#### INFORMATION PROVIDED:
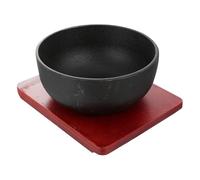 Alipis Bol En Fonte Antiadhésif 17 Cm x 7 Cm Support En Bois Pour Bibimbap Et Soupe Miso, Bol Alimentaire Noir Profond, Compatible Gaz Et Induction, Usage Maison Et Restaurant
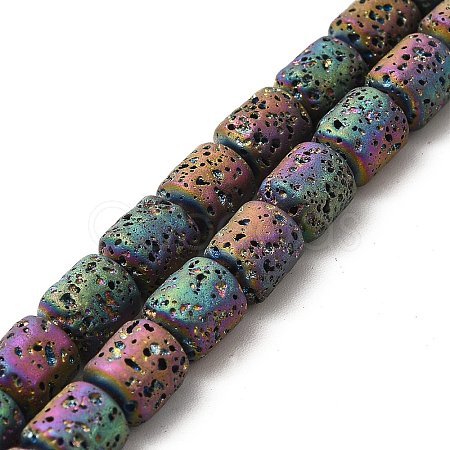 Electroplated Natural Lava Rock Beads Strands G-G984-16E-1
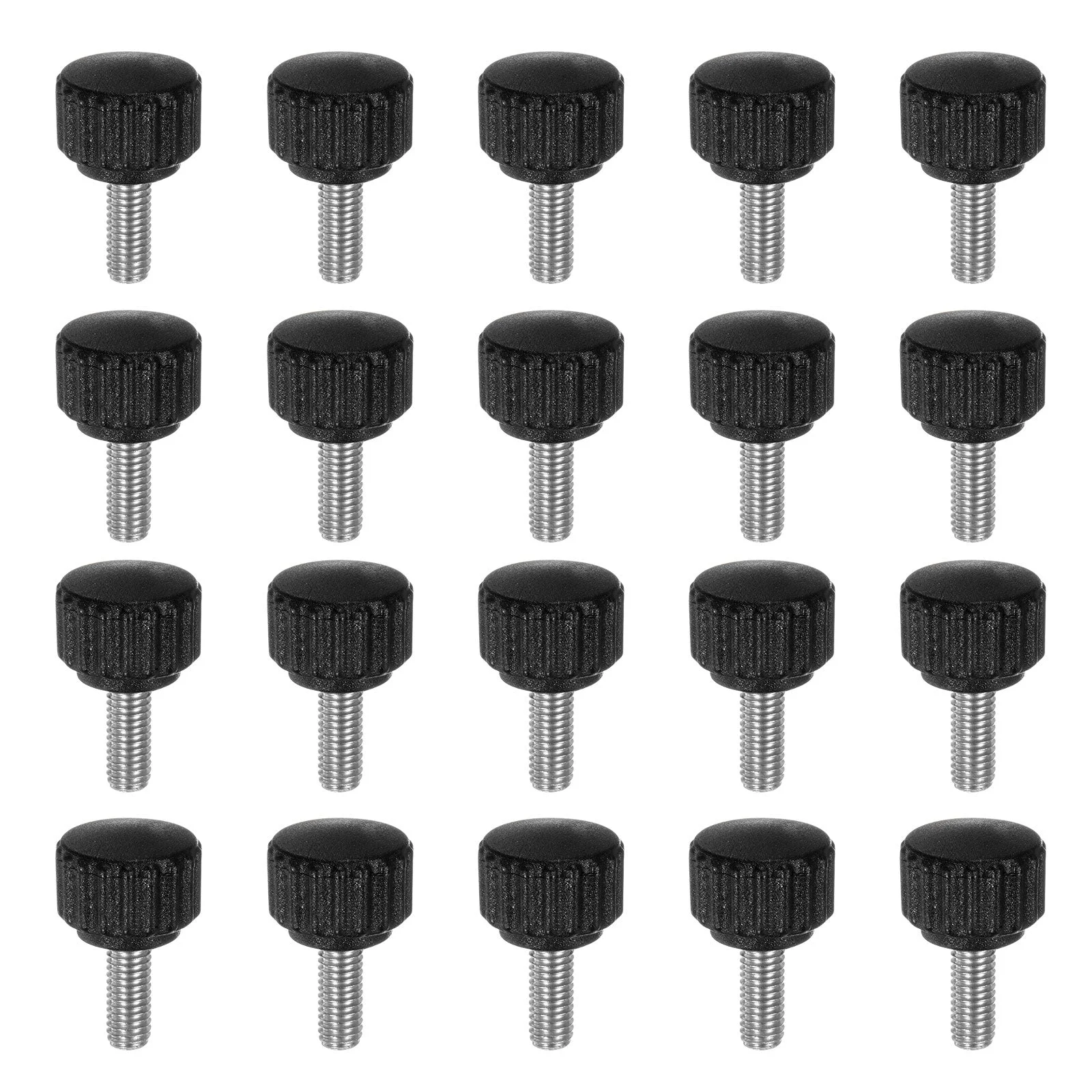 20pcs Knurled Clamping Knob Thumb Screws M5 x 12mm Metric Thread 16mm Matte Head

#### ACTIVITY:
Would you return the material exactly, images excluded?

#### OUTPUT OF THE EXERCISE:
 Alipis Bol En Fonte Antiadhésif 17 Cm x 7 Cm Support En Bois Pour Bibimbap Et Soupe Miso, Bol Alimentaire Noir Profond, Compatible Gaz Et Induction, Usage Maison Et Restaurant
 Electroplated Natural Lava Rock Beads Strands G-G984-16E-1
 20pcs Knurled Clamping Knob Thumb Screws M5 x 12mm Metric Thread 16mm Matte Head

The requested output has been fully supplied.